Section: Research Program
Beyond Homophilic Relationships
In many cases, algorithms for solving node classification problems are driven by the following assumption: linked entities tend to be assigned to the same class. This assumption, in the context of social networks, is known as homophily ( , ) and involves ties of every type, including friendship, work, marriage, age, gender, and so on. In social networks, homophily naturally implies that a set of individuals can be parted into subpopulations that are more cohesive. In fact, the presence of homogeneous groups sharing common interests is a key reason for affinity among interconnected individuals, which suggests that, in spite of its simplicity, this principle turns out to be very powerful for node classification problems in general networks.
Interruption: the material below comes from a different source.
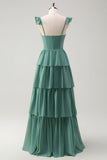 Eucalyptus Corset Tiered Chiffon A-Line Bridesmaid Dress
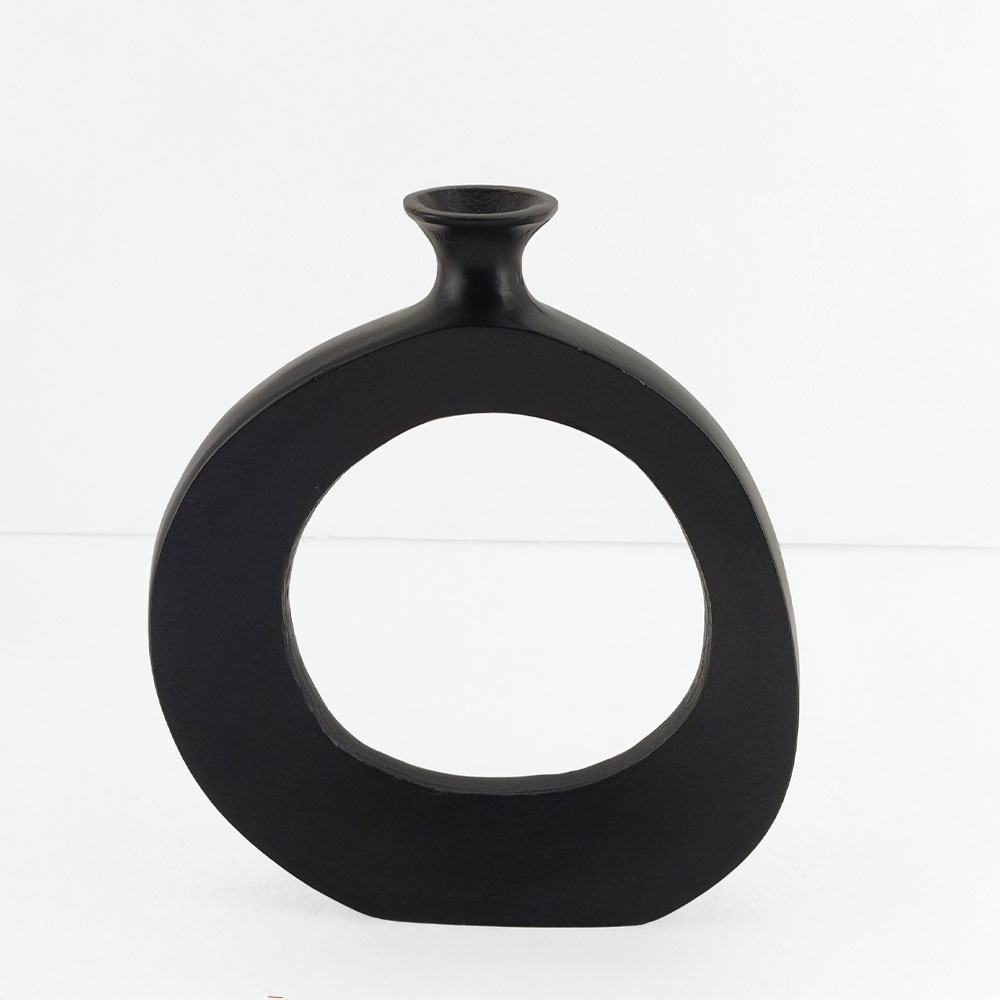 028992-lqTwF-first-_1 Abstract Circle Βαζο 26x4x31cm Αλουμινιο Μαυρο - Image 1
Recently, however, researchers have started to consider networked data where connections may also carry a negative meaning. For instance, disapproval or distrust in social networks, negative endorsements on the Web. Although the introduction of signs on graph edges appears like a small change from standard weighted graphs, the resulting mathematical model, called signed graphs, has an unexpectedly rich additional complexity. For example, their spectral properties, which essentially all sophisticated node classification algorithms rely on, are different and less known than those of graphs. Signed graphs naturally lead to a specific inference problem that we have discussed in previous sections: link classification. This is the problem of predicting signs of links in a given graph. In online social networks, this may be viewed as a form of sentiment analysis, since we would like to semantically categorize the relationships between individuals.
Another way to go beyond homophily between entities will be studied using our recent model of hypergraphs with bipartite hyperedges . A bipartite hyperedge connects two ends which are disjoint subsets of nodes. Bipartite hyperedges is a way to relate two collections of (possibly heterogeneous) entities represented by nodes. In the NLP setting, while hyperedges can be used to model bags of words, bipartite hyperedges are associated with relationships between bags of words. But each end of bipartite hyperedges is also a way to represent complex entities, gathering several attribute values (nodes) into hyperedges viewed as records. Our hypergraph notion naturally extends directed and undirected weighted graph. We have defined a spectral theory for this new class of hypergraphs and opened a way to smooth labeling on sets of nodes. The weighting scheme allows to weigh the participation of each node to the relationship modeled by bipartite hyperedges accordingly to an equilibrium condition. This condition provides a competition between nodes in hyperedges and allows interesting modeling properties that go beyond homophily and similarity over nodes (the theoretical analysis of our hypergraphs exhibits tight relationships with signed graphs). Following this competition idea, bipartite hyperedges are like matches between two teams and examples of applications are team creation. The basic tasks we are interested in are hyperedge classification, hyperedge prediction, node weight prediction. Finally, hypergraphs also represent a way to summarize or compress large graphs in which there exists highly connected couples of (large) subsets of nodes.